I got a character device for some gpio on an industrial PC running under Debian.
Reading in C works pretty fine
#include <stdio.h>
#include <sys/stat.h>
#include <fcntl.h>
#include <unistd.h>
int main (int argc, char **argv) {
    int fd;
    fd = open("/dev/bsw_gpio", O_RDWR);
    if (fd == -1) {
        printf("could not open device");
        return 1;
    }
    unsigned char val;
    int ret;
    ret = read(fd, &val, sizeof(val));
    if (ret == 0)
        printf("Value : %d\n", val);
    else
        printf("No val read\n");
    if(close(fd) != 0) {
        printf("Could not close file");
    }
    
    return 0;
}
Edit
I forgot; this gets me the status of the two io pins as value between 0 and 3 and works well.. But I need to do this in Python.
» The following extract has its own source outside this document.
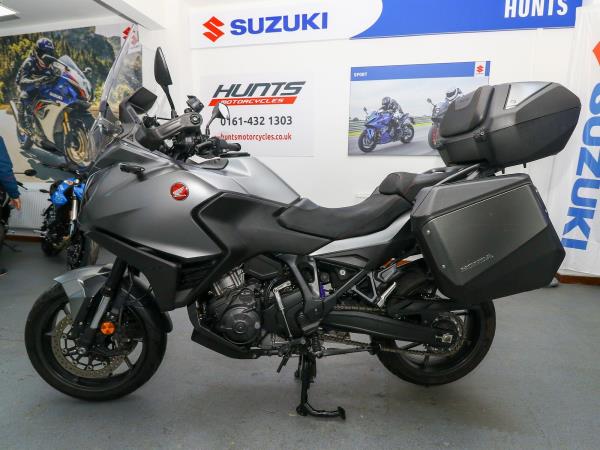 2022 Honda NT1100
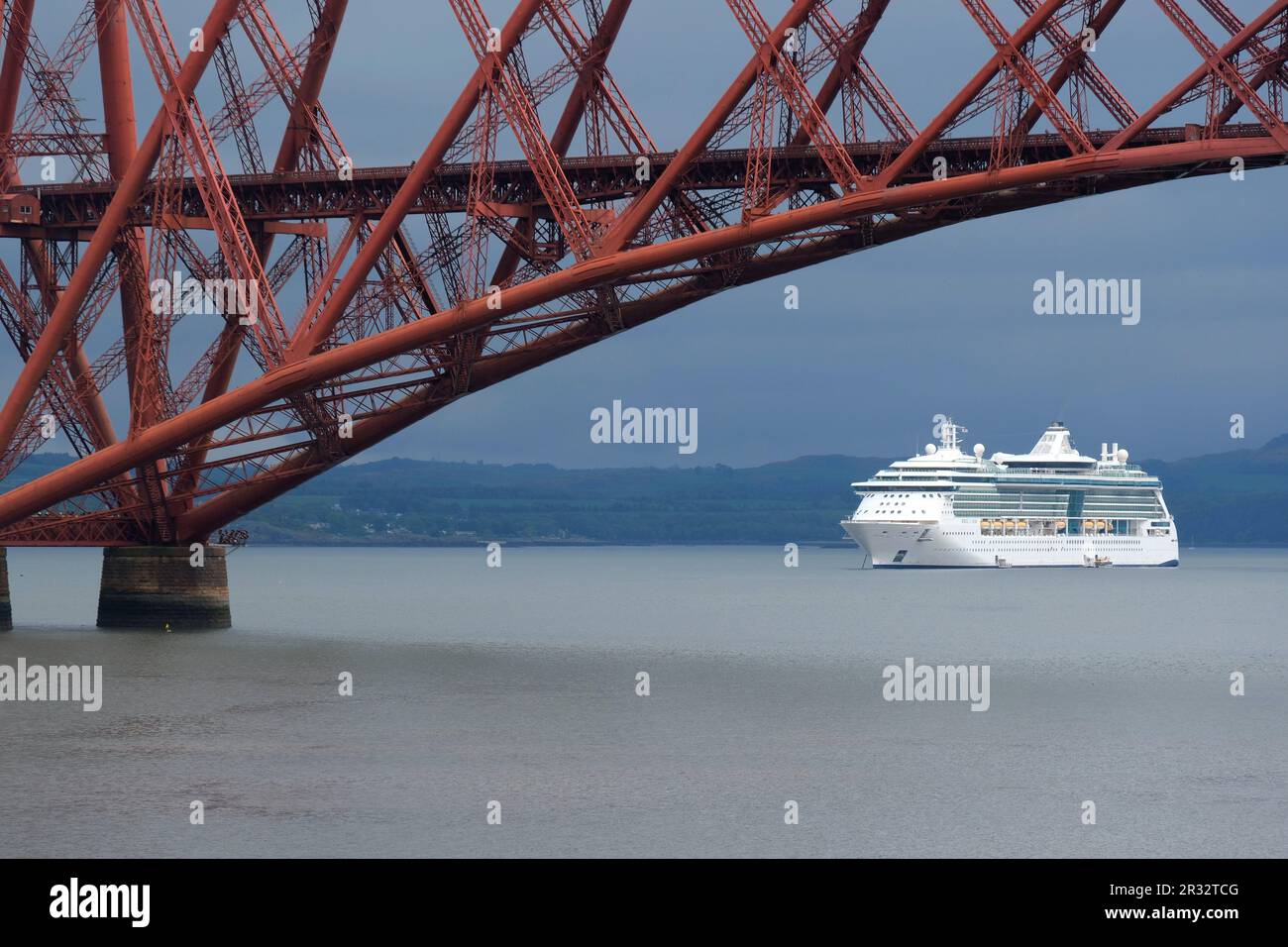 South Queensferry, Scozia, Regno Unito. 22nd maggio 2023. Jewel of the Seas, una nave da crociera di 90.000 tonnellate, 965 piedi, mega con 12 ponti passeggeri e dotato di un proprio parco acquatico, teatro, casinò, ascensori e parete per arrampicata su roccia, è arrivato nel quarto estuario questa mattina per una rara sosta. Ormeggiato accanto al quarto ponte che permette di apprezzare il senso della scala. Credit: Craig Brown/Alamy Live News Foto Stock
Whereas Python reacts this way
>>> import os
>>> fp = os.open("/dev/bsw_gpio", os.O_RDWR)
>>> os.read(fp, 1)
b''
or, using normal open:
>>> with open('/dev/bsw_gpio', 'r+b', buffering=0) as fp:
...     fp.read()
... 
b''
How can I fix this?
                        
i found out that I need to read into a fixed size bytearray. Since I needed to convert to int after, I just used an array of 2 bytes, reversed it and have the correct value now.